De plus, même si l’IA est bienvenue pour aider la justice à être plus efficace, il n’en demeure pas moins que son rôle ne peut qu’être limité, surtout lorsqu’il s’agit d’y avoir recours pour essayer de prédire les décisions des juges. En effet, comme l’explique l’auteur en se basant sur la théorie réaliste de l’interprétation, le juge n’est pas un robot appliquant automatiquement la loi mais, au contraire, détient une relative liberté pour interpréter les textes : « l’acte de juger ne peut se confondre avec une forme de justice mécanique dans laquelle le juge serait semblable à une machine chargée de distribuer des décisions. En effet, la réalité impose le constat que le jugement est par essence subjectif, car il traduit une décision humaine. Dans ce cas, le juge se fait interprète de la loi.

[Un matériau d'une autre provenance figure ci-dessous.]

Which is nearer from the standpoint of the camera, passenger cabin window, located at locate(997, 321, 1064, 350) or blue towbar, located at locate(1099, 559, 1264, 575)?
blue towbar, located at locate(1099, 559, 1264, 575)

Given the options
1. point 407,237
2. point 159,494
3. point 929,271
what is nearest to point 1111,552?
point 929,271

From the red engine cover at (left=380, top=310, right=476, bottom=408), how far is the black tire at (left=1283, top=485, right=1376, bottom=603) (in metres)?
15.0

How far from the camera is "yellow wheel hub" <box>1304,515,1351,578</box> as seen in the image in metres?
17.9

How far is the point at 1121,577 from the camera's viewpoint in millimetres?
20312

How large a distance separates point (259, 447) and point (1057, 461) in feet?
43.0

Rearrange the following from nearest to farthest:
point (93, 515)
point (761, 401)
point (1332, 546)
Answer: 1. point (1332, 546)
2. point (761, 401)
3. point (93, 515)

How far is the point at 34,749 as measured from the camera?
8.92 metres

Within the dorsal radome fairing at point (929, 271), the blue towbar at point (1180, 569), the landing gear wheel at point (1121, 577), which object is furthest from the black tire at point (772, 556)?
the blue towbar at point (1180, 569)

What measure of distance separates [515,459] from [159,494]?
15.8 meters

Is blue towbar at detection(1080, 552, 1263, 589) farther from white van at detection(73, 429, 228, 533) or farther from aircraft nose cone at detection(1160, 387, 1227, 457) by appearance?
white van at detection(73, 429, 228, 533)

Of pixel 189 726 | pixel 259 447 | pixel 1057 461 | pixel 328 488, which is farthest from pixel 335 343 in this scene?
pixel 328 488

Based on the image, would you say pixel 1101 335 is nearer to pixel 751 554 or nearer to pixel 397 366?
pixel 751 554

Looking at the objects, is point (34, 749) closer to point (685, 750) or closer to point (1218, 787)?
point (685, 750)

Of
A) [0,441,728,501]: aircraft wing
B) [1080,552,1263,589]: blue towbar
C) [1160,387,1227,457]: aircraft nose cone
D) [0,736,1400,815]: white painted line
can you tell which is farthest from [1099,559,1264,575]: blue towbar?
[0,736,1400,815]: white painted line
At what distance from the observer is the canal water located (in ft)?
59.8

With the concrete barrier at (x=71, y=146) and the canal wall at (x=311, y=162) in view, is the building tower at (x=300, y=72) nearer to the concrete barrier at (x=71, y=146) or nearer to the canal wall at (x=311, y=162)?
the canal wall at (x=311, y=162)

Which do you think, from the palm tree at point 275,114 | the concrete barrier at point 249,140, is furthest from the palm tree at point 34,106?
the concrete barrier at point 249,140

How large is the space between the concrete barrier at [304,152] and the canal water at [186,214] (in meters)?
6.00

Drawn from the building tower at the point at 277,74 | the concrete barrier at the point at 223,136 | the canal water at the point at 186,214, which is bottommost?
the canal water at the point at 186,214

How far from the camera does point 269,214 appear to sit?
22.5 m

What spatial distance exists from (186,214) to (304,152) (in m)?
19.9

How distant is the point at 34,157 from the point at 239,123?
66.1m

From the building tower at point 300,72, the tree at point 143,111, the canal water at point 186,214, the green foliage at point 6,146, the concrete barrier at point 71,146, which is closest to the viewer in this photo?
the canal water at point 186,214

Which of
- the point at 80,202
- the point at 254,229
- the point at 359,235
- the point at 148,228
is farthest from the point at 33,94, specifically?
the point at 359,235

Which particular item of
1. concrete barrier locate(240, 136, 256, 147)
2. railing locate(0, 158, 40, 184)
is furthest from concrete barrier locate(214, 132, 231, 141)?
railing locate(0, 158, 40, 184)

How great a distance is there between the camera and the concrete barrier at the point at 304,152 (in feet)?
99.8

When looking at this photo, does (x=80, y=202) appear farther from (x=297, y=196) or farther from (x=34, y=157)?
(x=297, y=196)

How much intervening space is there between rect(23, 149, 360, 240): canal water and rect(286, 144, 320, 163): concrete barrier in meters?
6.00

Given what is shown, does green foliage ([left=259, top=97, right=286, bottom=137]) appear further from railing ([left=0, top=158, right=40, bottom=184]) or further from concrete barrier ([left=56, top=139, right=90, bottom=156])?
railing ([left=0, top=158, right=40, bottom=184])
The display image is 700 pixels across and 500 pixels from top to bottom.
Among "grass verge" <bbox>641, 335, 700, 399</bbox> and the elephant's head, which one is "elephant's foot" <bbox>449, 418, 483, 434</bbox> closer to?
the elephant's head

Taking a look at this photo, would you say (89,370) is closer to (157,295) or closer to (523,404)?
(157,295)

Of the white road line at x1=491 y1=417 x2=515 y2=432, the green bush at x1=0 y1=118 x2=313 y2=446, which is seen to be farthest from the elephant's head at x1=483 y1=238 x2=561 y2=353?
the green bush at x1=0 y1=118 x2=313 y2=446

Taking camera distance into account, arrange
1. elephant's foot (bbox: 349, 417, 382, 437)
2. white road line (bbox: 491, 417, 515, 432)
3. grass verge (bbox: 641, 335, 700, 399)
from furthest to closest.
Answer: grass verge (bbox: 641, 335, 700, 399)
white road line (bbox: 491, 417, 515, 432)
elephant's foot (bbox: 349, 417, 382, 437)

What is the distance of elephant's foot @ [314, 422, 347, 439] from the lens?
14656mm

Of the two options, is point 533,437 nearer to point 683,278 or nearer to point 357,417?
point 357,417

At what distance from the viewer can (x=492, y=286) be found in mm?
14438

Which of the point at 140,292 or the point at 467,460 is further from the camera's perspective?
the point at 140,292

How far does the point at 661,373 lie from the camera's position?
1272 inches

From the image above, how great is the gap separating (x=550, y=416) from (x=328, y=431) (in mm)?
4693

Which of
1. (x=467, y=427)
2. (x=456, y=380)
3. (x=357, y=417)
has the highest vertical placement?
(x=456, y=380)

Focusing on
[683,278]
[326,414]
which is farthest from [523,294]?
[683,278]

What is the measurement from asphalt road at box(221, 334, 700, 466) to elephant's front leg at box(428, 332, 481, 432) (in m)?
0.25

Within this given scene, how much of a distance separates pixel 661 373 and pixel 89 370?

Et pour cause, le juge ne peut pas être prisonnier des textes et des jurisprudences du passé sur laquelle se fonde l’IA pour prédire les futures décisions. Au contraire, il doit être capable de les surpasser, grâce à son interprétation, afin d’adapter la jurisprudence aux évolutions économiques et sociales de son temps. C’est pourquoi la justice prédictive rendue possible par l’IA peut constituer un véritable danger : en automatisant les décisions des juges à partir de données issues du passé, elle évacue de facto toute possibilité de revirements jurisprudentiels nécessaires. Ainsi, l’auteur explique donc que « le recours à l’IA ne doit pas porter sur la recherche de solutions, mais plutôt sur la formulation de séquences argumentatives » grâce à sa capacité à fournir au juge rapidement et avec précision les informations importantes dont il a besoin pour motiver au mieux ses décisions.